- TASK DETAILS
Give back the entries exactly as they read, leaving each image out.

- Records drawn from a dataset
-=-=-
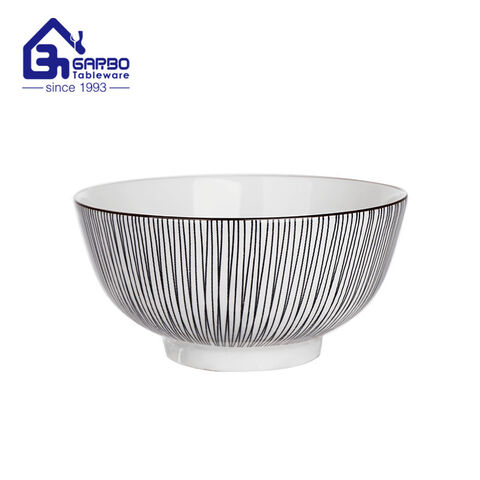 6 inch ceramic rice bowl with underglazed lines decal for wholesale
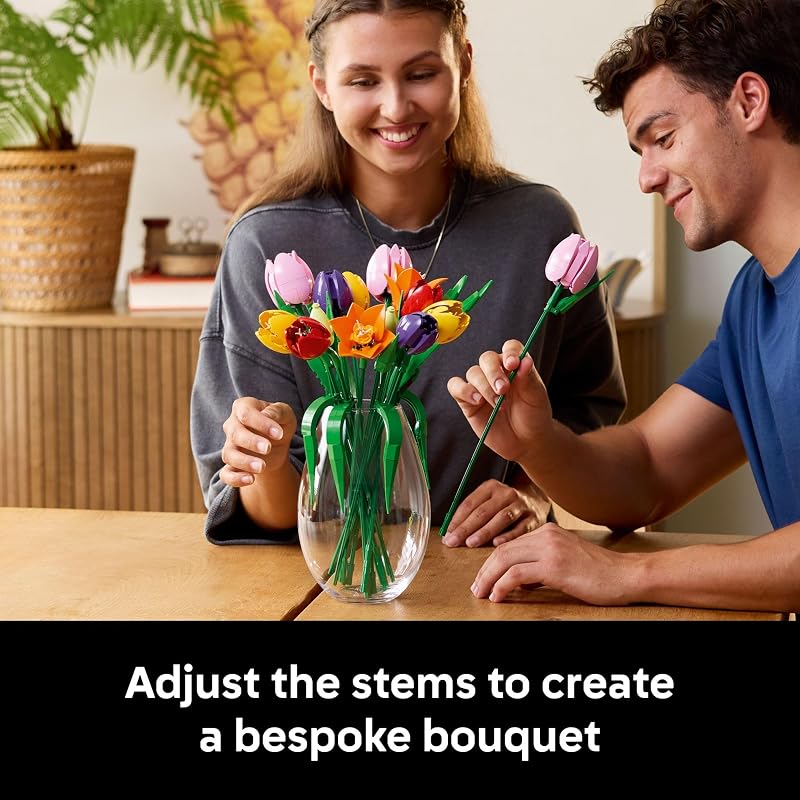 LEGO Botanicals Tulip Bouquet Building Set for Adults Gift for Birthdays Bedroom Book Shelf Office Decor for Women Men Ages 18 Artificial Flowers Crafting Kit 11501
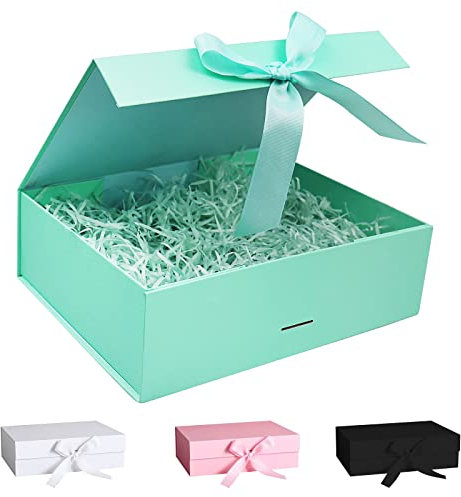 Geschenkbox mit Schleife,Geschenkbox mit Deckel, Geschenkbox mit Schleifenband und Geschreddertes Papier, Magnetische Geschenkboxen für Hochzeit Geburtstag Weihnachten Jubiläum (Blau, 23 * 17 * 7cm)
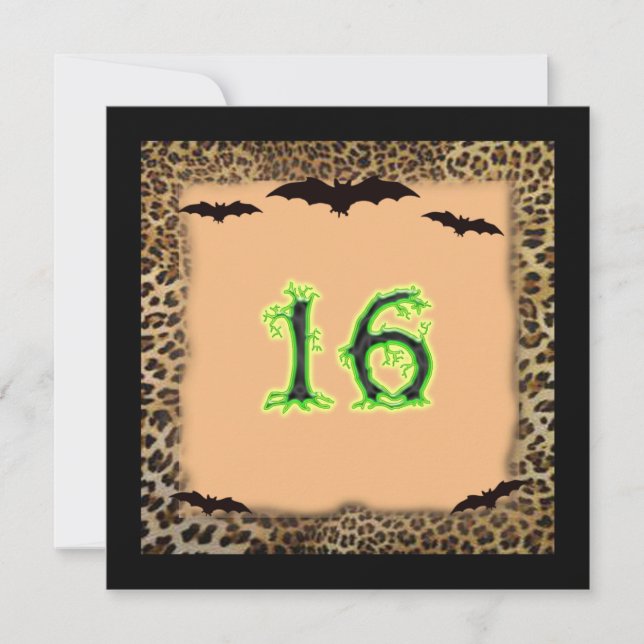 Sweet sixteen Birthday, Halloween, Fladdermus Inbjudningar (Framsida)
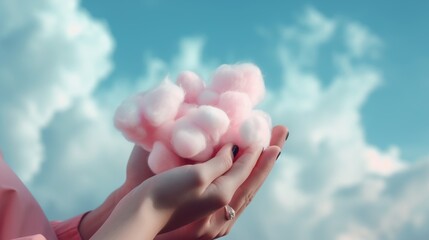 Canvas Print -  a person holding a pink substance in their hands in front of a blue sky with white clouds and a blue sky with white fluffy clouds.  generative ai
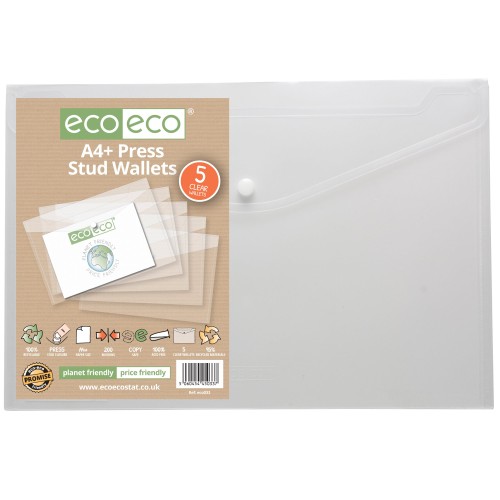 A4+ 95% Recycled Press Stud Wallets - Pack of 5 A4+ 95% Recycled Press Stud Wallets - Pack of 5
-=-=-
- RESULT
 6 inch ceramic rice bowl with underglazed lines decal for wholesale
 LEGO Botanicals Tulip Bouquet Building Set for Adults Gift for Birthdays Bedroom Book Shelf Office Decor for Women Men Ages 18 Artificial Flowers Crafting Kit 11501
 Geschenkbox mit Schleife,Geschenkbox mit Deckel, Geschenkbox mit Schleifenband und Geschreddertes Papier, Magnetische Geschenkboxen für Hochzeit Geburtstag Weihnachten Jubiläum (Blau, 23 * 17 * 7cm)
 Sweet sixteen Birthday, Halloween, Fladdermus Inbjudningar (Framsida)
 Canvas Print -  a person holding a pink substance in their hands in front of a blue sky with white clouds and a blue sky with white fluffy clouds.  generative ai
 A4+ 95% Recycled Press Stud Wallets - Pack of 5 A4+ 95% Recycled Press Stud Wallets - Pack of 5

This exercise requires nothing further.